We have robots 100-1000m out in corn fields and are using a HalowLink1 in a mesh network configuration.
The robots are sending data at around 500kbps (62.5kB/s) upstream of around 95% UDP, 5% TCP traffic.
This works well when the robot is in range for higher bandwidth MCS settings at 2Mhz channel width, but down near MCS1/MCS0, the available bandwidth is insufficient to handle the traffic. At this point essentially all traffic from the robot stops arriving.
What I believe is happening is some sort of traffic jam caused by the retry percent at that long range eating into a sizable percentage of the available bandwidth, and causing the queue management on the radio to not handle things. It’s also possible that our PC (an x86 standard debian based server distro connected to the HalowLink 1 via ethernet) is the one mishandling the queues.
If I reduce the upload bandwidth usage, it works as expected, but I don’t want to limit bandwidth all of the time, since we have a large amount of telemetry data we wish to collect and ideally we’d keep the average datarate as high as we safely can. Additionally, due to the terrain, signal strength is not a straight funciton of distance.

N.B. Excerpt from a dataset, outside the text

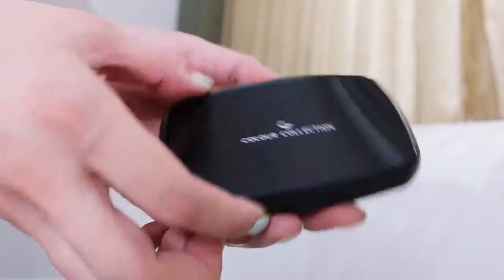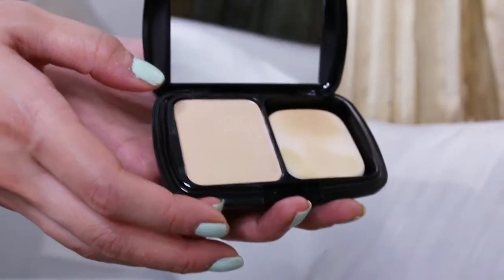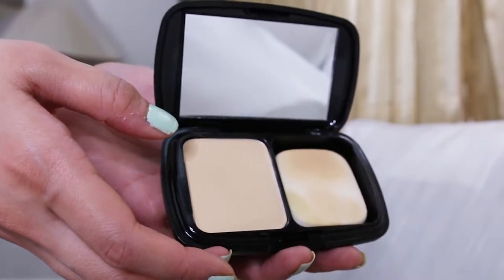First off, what is this? It's a dual powder foundation, meaning you can apply it either wet or dry. It depends on your purpose — dry feels lighter, while wet feels heavier but with more coverage. So that's the balance of the pros and cons.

Is it possible to enable something like SQM on the OpenWRT router, or some other traffic shaping/queue management system? I’ve tried installing both luci-app-sqm and sqm-scripts on the HalowLink, but unfortunately the packages all fail to install required dependencies due to a kernel version mismatch (at least on 2.7.4 and 2.7.6 firmware).
Any other ideas? I can scale things on the comptuer, but it does not seem trivial to estimate the upstream effective bandwidth on a mesh network. Does the HalowLink1 expose its queue depth and make that configurable or at least queryable somehow?